→ **Input for this task**:

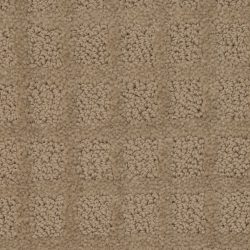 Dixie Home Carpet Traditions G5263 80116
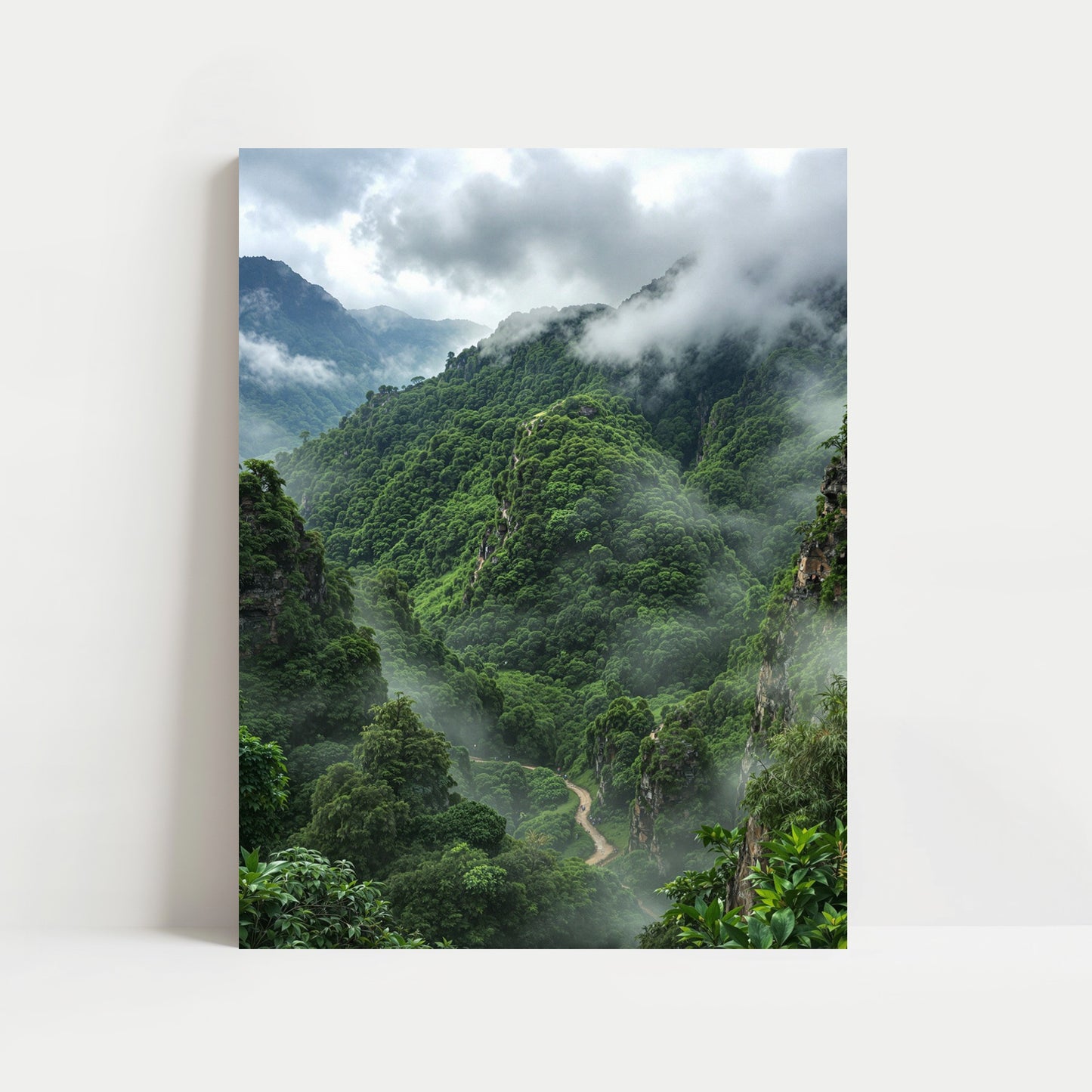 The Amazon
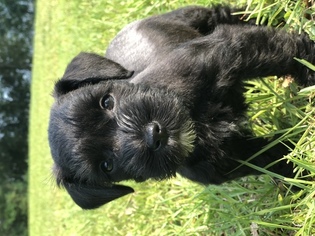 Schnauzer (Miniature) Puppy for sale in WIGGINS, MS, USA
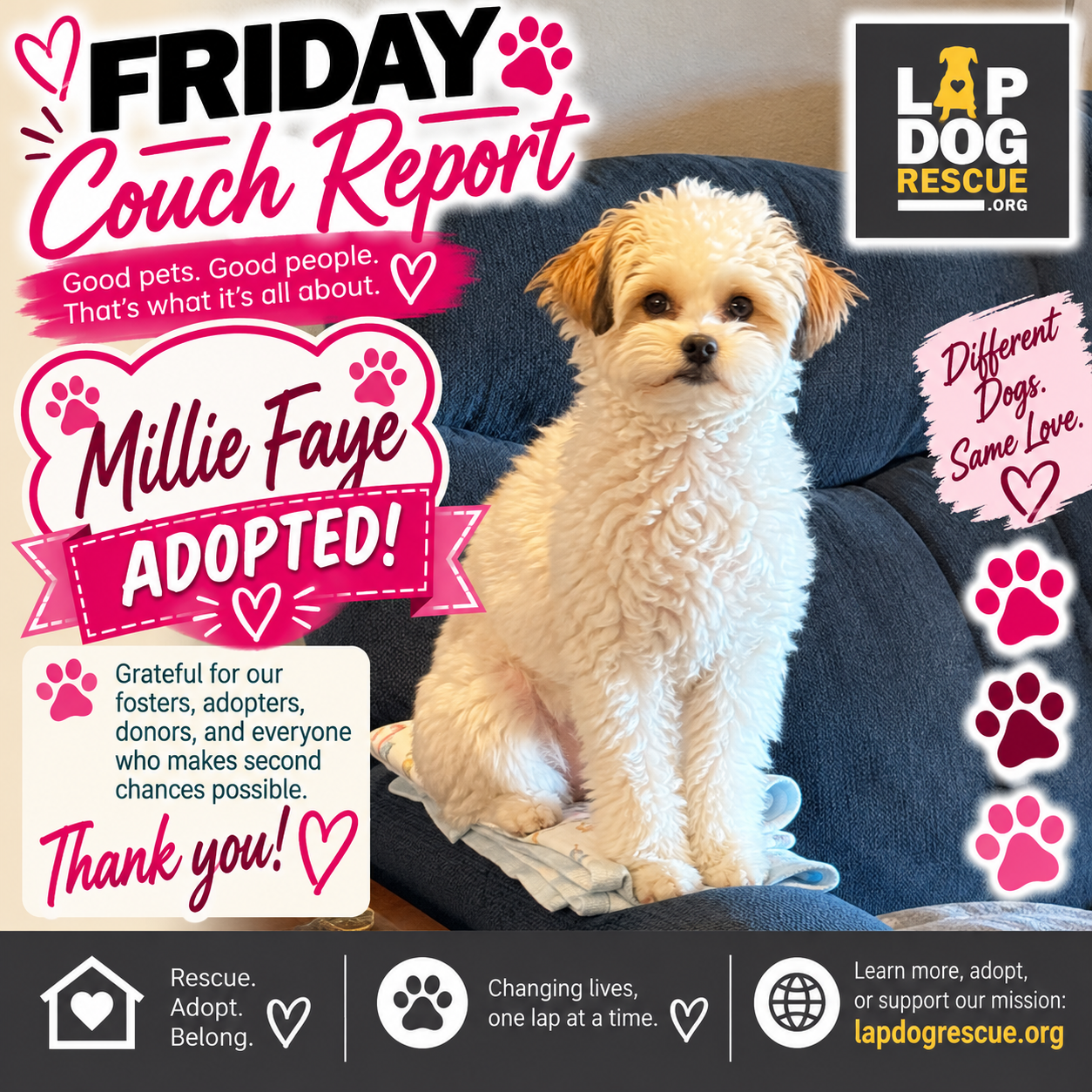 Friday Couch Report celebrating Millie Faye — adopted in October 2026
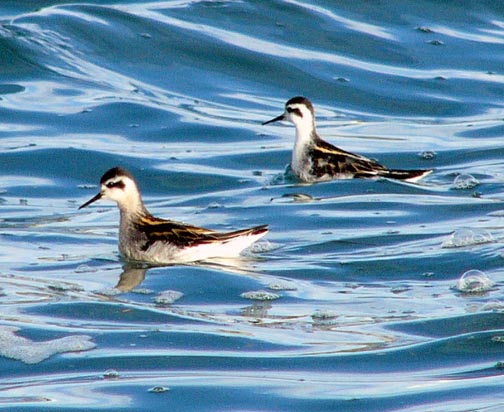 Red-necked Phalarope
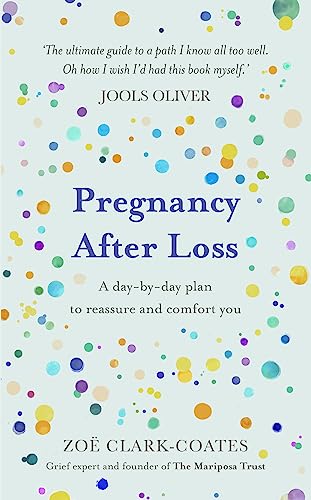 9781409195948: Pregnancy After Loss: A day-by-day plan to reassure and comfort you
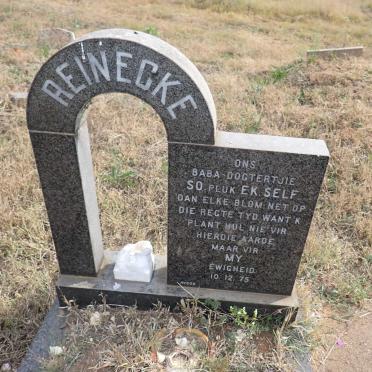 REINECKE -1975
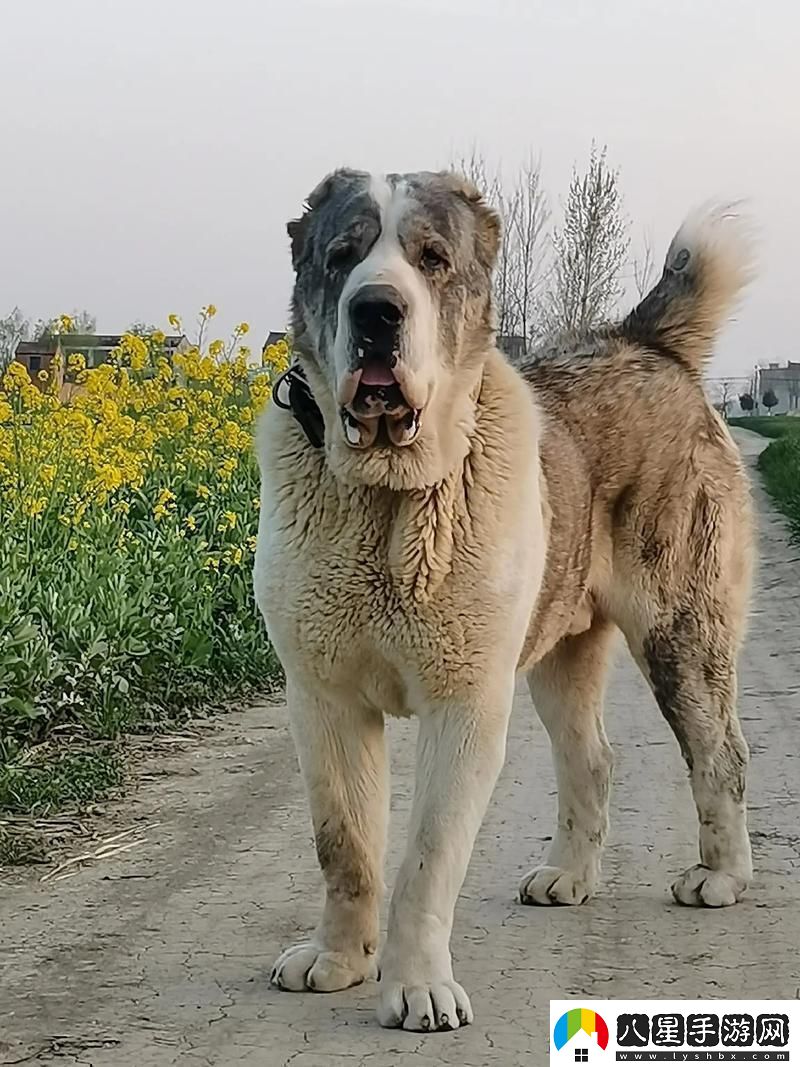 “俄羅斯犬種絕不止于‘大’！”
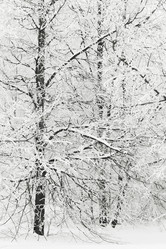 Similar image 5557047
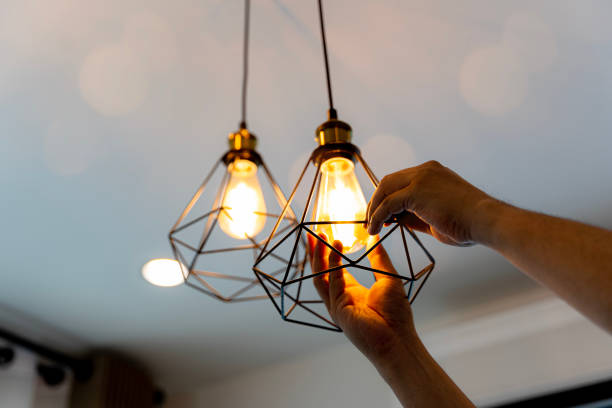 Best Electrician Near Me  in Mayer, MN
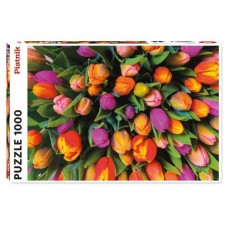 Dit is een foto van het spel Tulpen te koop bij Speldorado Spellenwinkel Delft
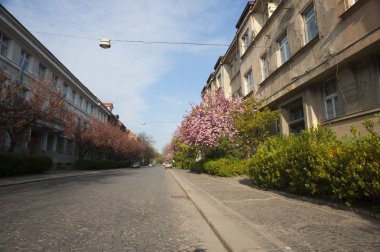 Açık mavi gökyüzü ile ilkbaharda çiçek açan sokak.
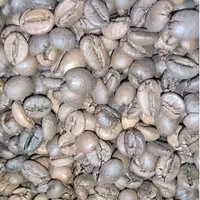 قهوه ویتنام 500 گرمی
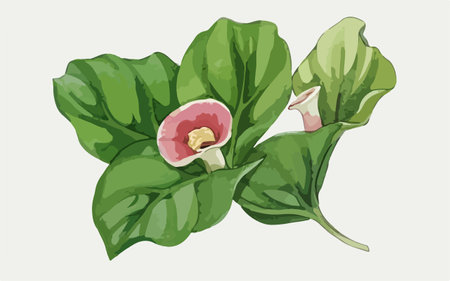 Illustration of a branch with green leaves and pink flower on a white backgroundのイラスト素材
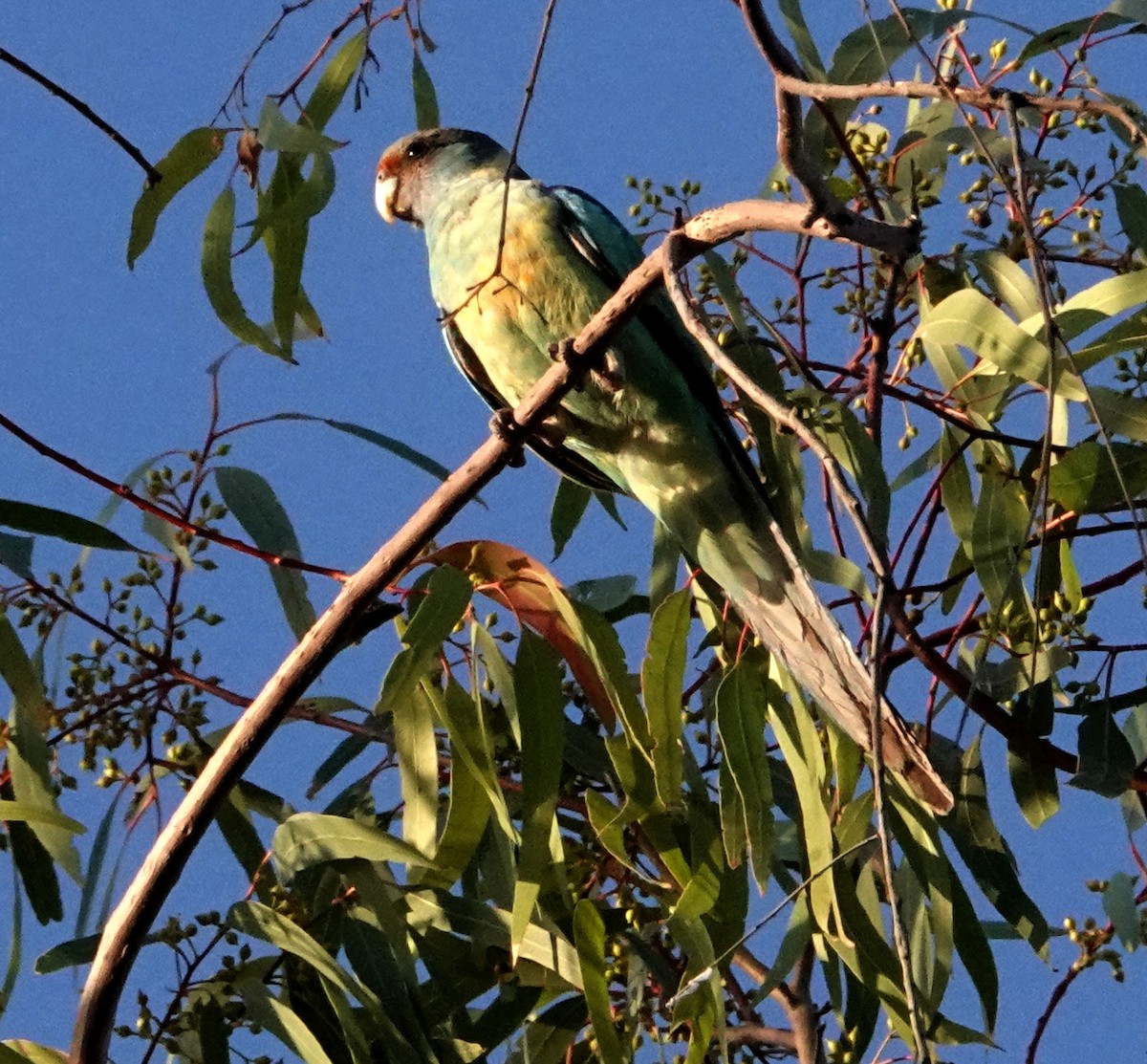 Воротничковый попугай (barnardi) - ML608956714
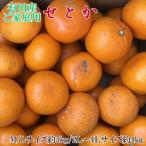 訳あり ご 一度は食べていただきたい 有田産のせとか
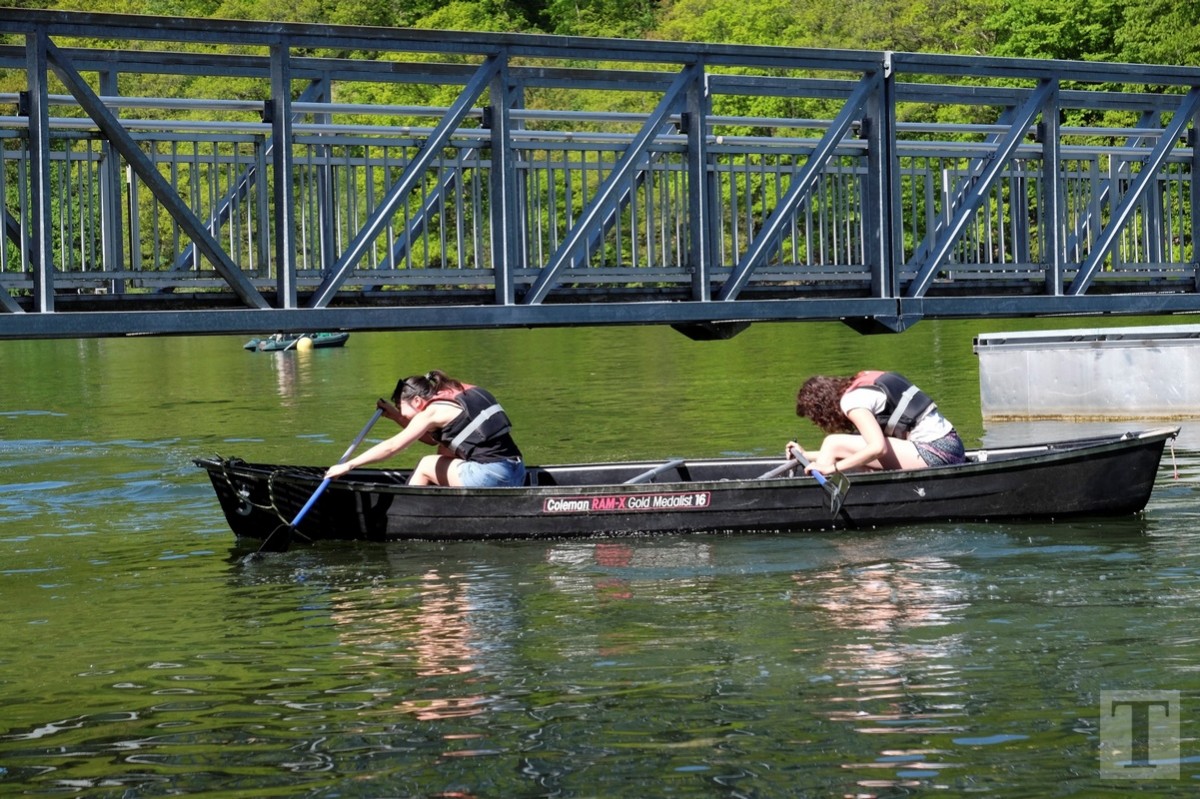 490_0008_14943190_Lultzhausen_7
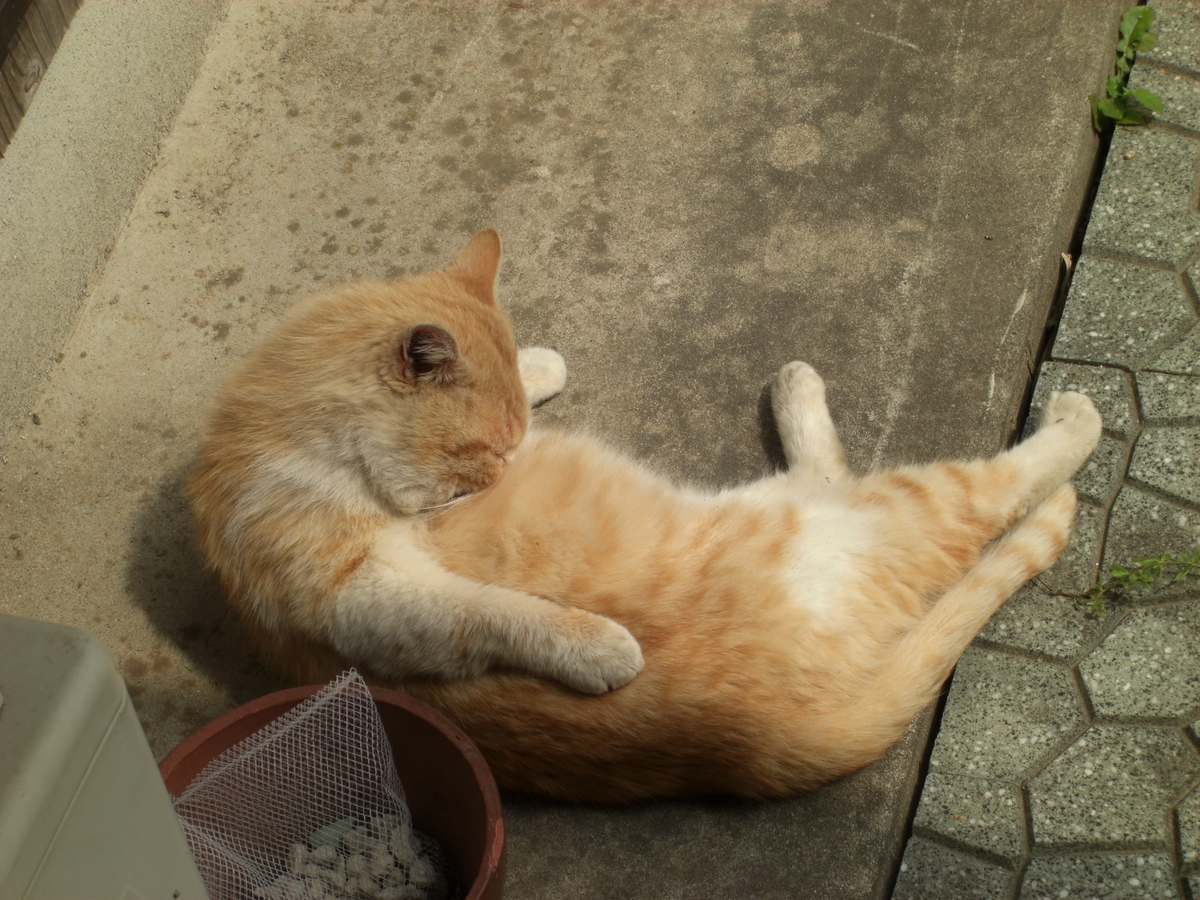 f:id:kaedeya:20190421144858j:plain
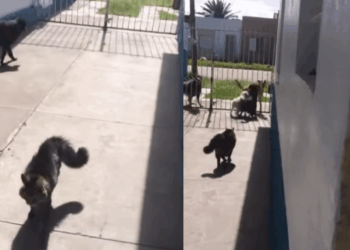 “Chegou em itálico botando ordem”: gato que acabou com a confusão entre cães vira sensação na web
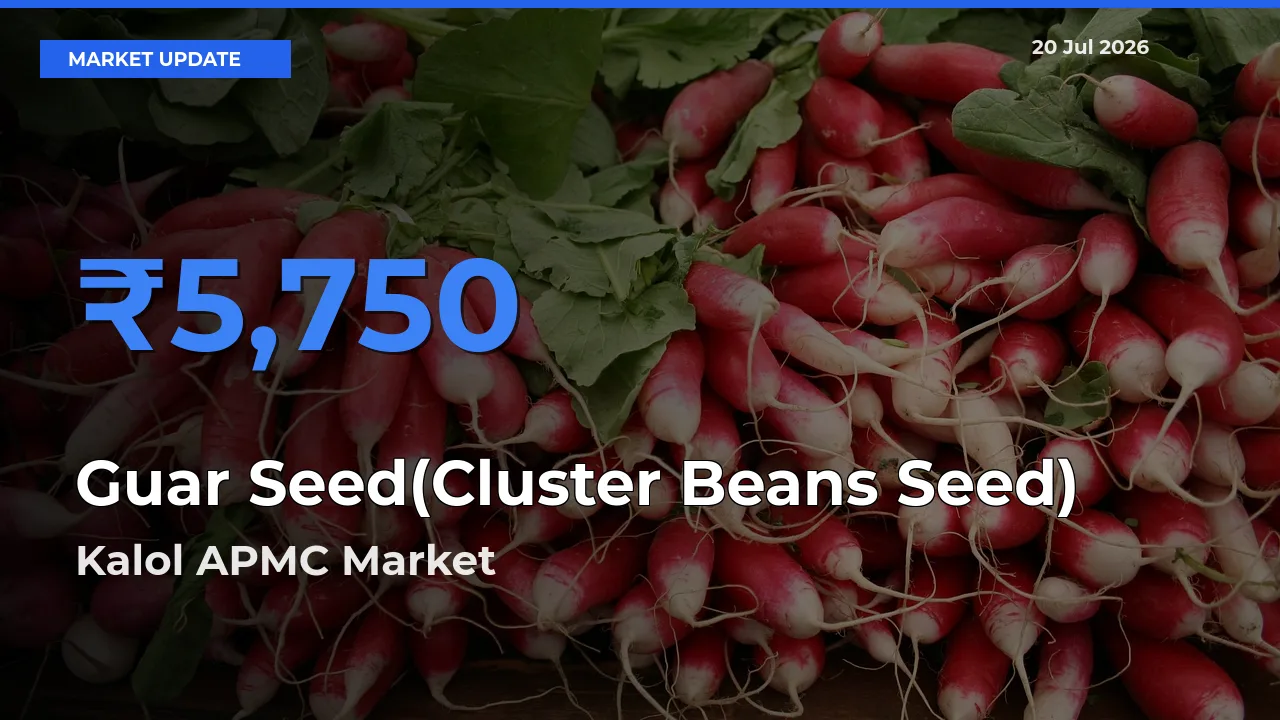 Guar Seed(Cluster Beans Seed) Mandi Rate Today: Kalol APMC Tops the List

→ **Exercise description**: With no pictures included, write out the entries exactly.

→ **Written response**:
 Dixie Home Carpet Traditions G5263 80116
 The Amazon
 Schnauzer (Miniature) Puppy for sale in WIGGINS, MS, USA
 Friday Couch Report celebrating Millie Faye — adopted in October 2026
 Red-necked Phalarope
 9781409195948: Pregnancy After Loss: A day-by-day plan to reassure and comfort you
 REINECKE -1975
 “俄羅斯犬種絕不止于‘大’！”
 Similar image 5557047
 Best Electrician Near Me  in Mayer, MN
 Dit is een foto van het spel Tulpen te koop bij Speldorado Spellenwinkel Delft
 Açık mavi gökyüzü ile ilkbaharda çiçek açan sokak.
 قهوه ویتنام 500 گرمی
 Illustration of a branch with green leaves and pink flower on a white backgroundのイラスト素材
 Воротничковый попугай (barnardi) - ML608956714
 訳あり ご 一度は食べていただきたい 有田産のせとか
 490_0008_14943190_Lultzhausen_7
 f:id:kaedeya:20190421144858j:plain
 “Chegou em itálico botando ordem”: gato que acabou com a confusão entre cães vira sensação na web
 Guar Seed(Cluster Beans Seed) Mandi Rate Today: Kalol APMC Tops the List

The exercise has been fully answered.